A Conversation Between A ‘Real’ Woman And A ‘Pretend’ One
ELLEN: One of the things I said on the homepage was that I had a problem with the term ‘stereotype’, as in Ellen conforming to the stereotypical image of a woman dressed in skirts, make up, lingerie and heels. However, I have come to realise that Ellen is a stereotype. This causes problems for me. I mean, there are women who conform to this stereotype, but, by dressing in this manner, I am almost saying that this what I think a woman should look like. And, when you consider that almost none of the women I know dresses like this, it makes things somewhat difficult for me.
JEAN: It was a problem for me, too, before I met Ellen. I was nervous that she was going to be someone frighteningly girly, all frilly collars and giggles. And, yes, I did feel that there was an implicit criticism, that as a woman who doesn’t do “skirts, make up, lingerie and heels” I was somehow not feminine enough. And that’s from the standpoint of someone who’s just a friend, I really sympathise with the partners of crossdressers who have problems with this.
On the other hand, that was before we met; the problems came not from Ellen herself, but from my nervousness about her, and maybe also from the way you talk about her. For example, you say that “Ellen is a stereotype”, and maybe that’s your aim, but she isn’t. Even if we are only talking about appearance, she isn’t a stereotypical woman – there aren’t that many six-foot women, and those there are tend not to wear high heels! – she’s just herself, someone I enjoy spending time with. She’s girlier than most of my friends, but so what?

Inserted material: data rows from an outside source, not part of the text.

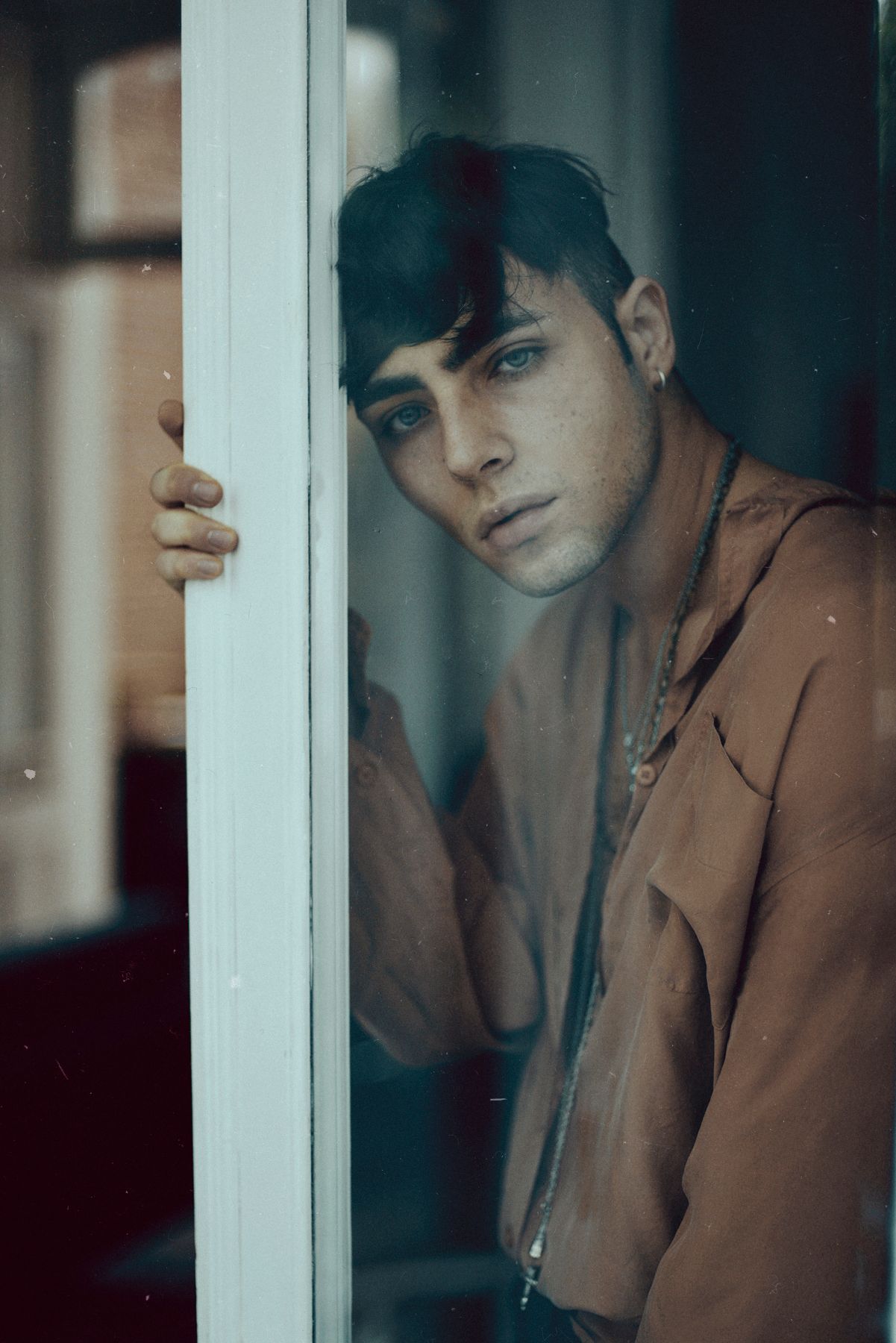 Atmospheric portrait through window frame with person wearing brown jacket.
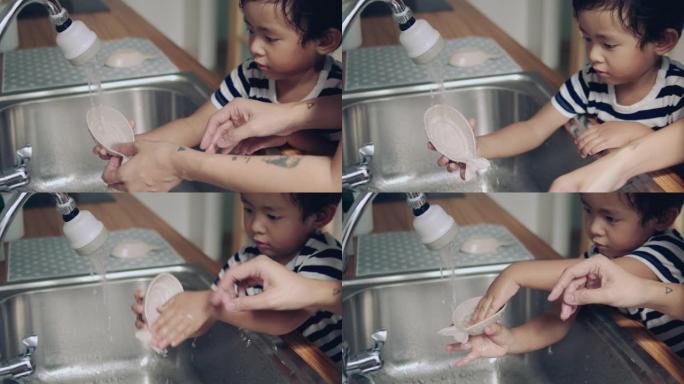 亚洲男婴帮助母亲完成家庭工作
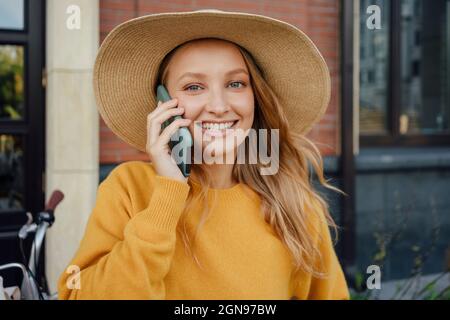 Belle femme blonde portant un chapeau parlant sur un smartphone Banque D'Images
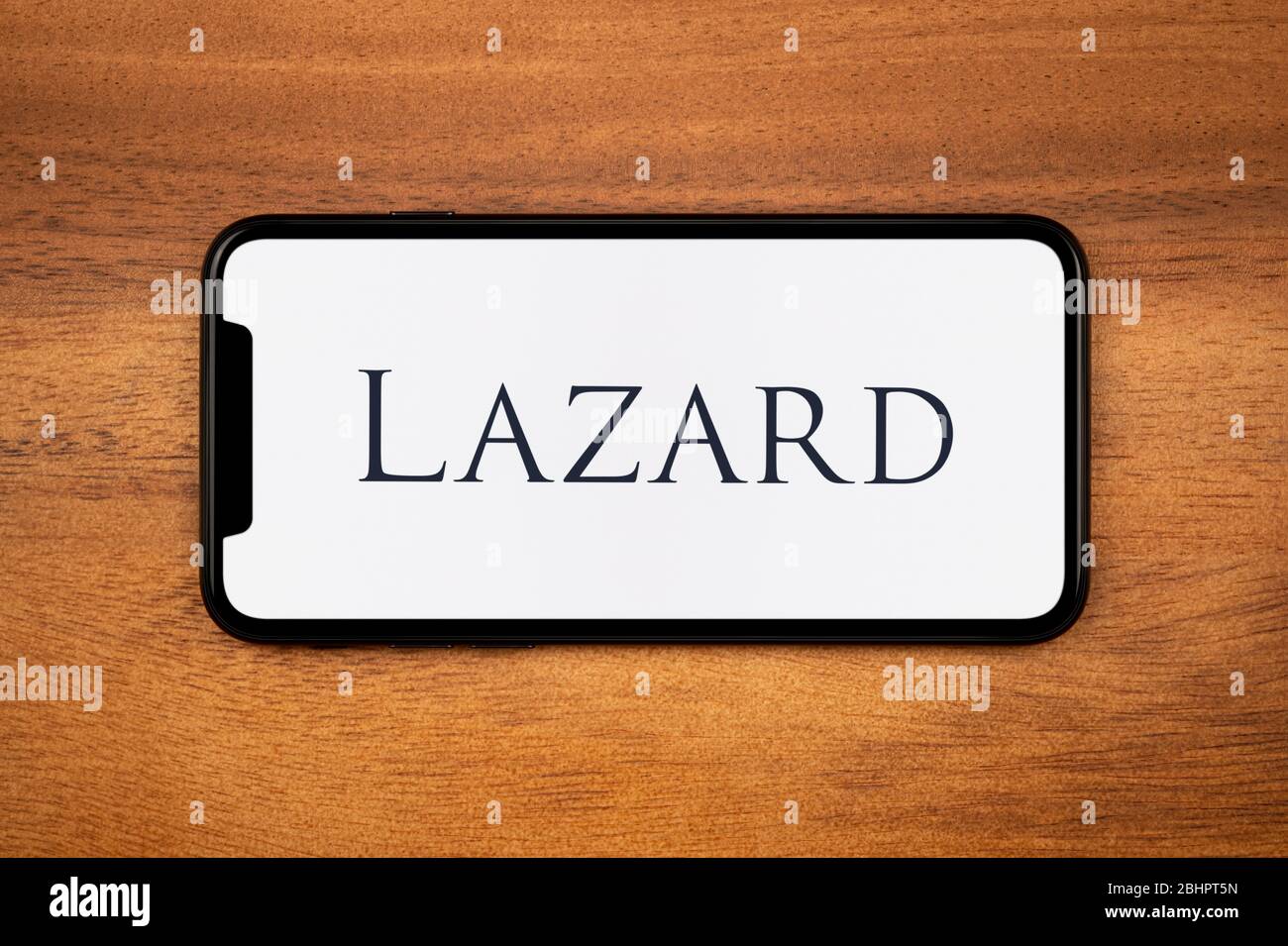 Uno smartphone con il logo Lazard è appoggiato su un tavolo di legno (solo per uso editoriale). Foto Stock
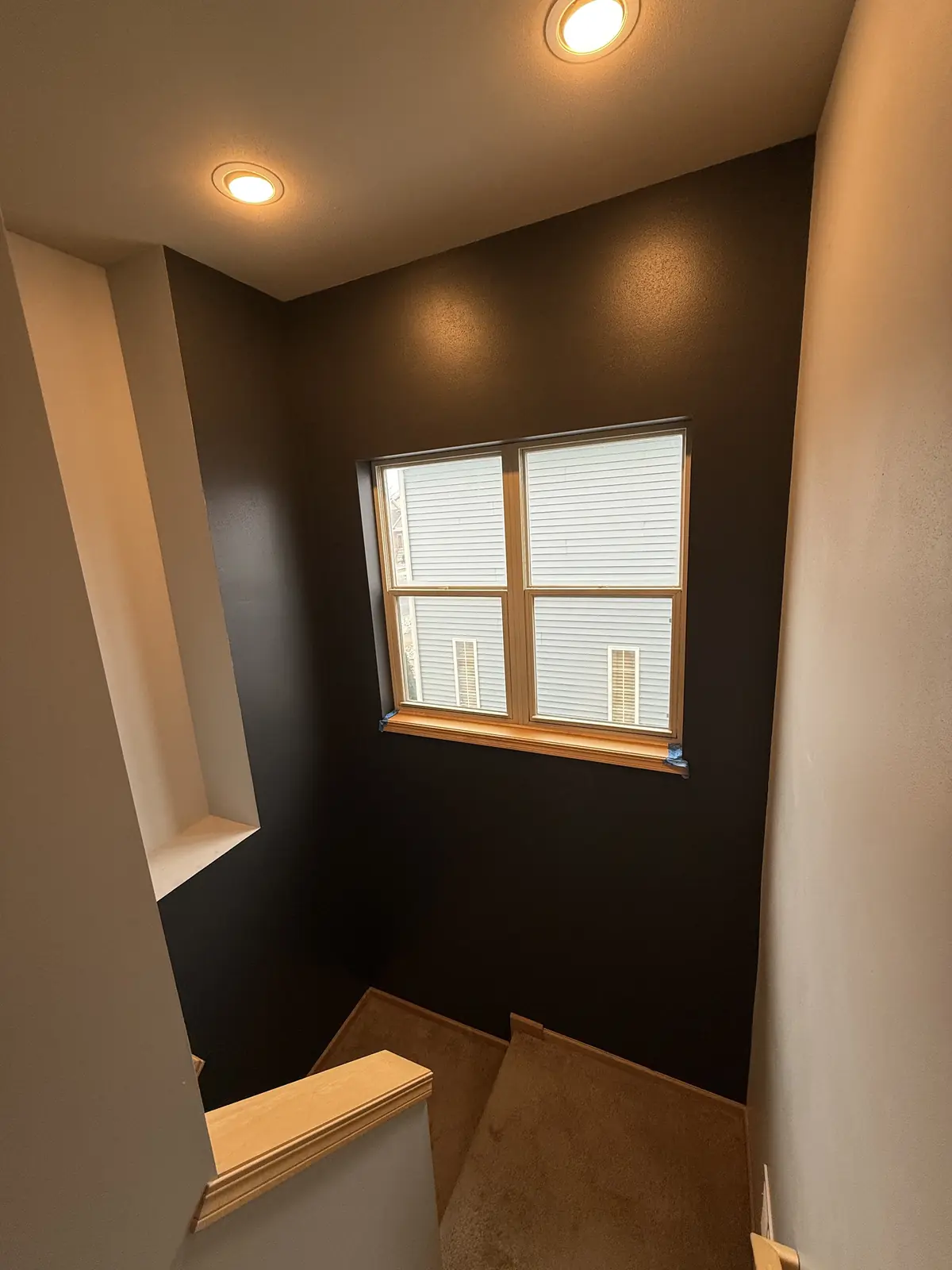 Dark accent wall painted in a stairwell with crisp edges and warm trim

In fact, that’s an argument in your defence: yes, here is this person who aspires to the stereotype of femininity, but, guess what? He’s a bloke! Surely that subverts the stereotype rather than reinforcing it?
ELLEN: Crossdressing is almost entirely ‘non-P.C.’ (although that term is now almost completely debased and abhorred) in that it DOES stereotype. This makes the whole thing very complex and makes me feel quite uncomfortable. For me to reinforce the stereotype is for me to go against everything that I feel is right.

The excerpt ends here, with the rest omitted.